Cluster Policies

If you want to check or mutate DAGs or Tasks on a cluster-wide level, then a Cluster Policy will let you do that. They have three main purposes:

  • Checking that DAGs/Tasks meet a certain standard

  • Setting default arguments on DAGs/Tasks

  • Performing custom routing logic

There are three main types of cluster policy:

  • dag_policy: Takes a DAG parameter called dag. Runs at load time of the DAG from DagBag DagBag.

  • task_policy: Takes a BaseOperator parameter called task.
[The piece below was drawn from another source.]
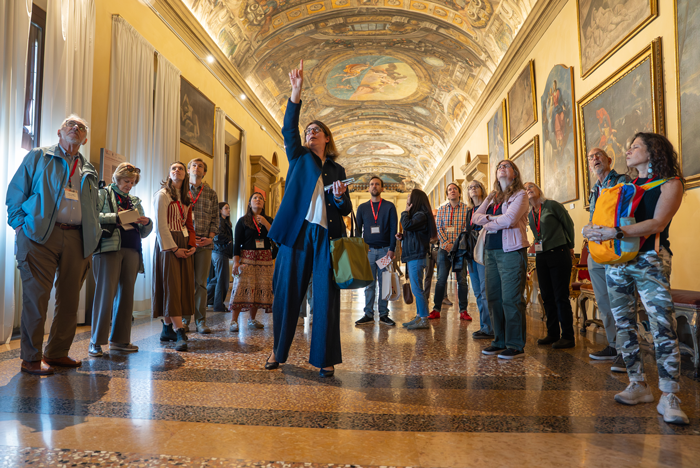 Following a classroom presentation on this distinctive 18th and 19th century pictorial genre, Adjunct Professor of Art History Elisabetta Cunsolo led participants on a tour of Bologna’s “painted gardens”—domestic environments, deceptively dressed up like beautiful gardens.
The policy gets executed when the task is created during parsing of the task from DagBag at load time. This means that the whole task definition can be altered in the task policy. It does not relate to a specific task running in a DagRun. The task_policy defined is applied to all the task instances that will be executed in the future.

  • task_instance_mutation_hook: Takes a TaskInstance parameter called task_instance. The task_instance_mutation_hook applies not to a task but to the instance of a task that relates to a particular DagRun. It is executed in a “worker”, not in the dag file processor, just before the task instance is executed. The policy is only applied to the currently executed run (i.e. instance) of that task.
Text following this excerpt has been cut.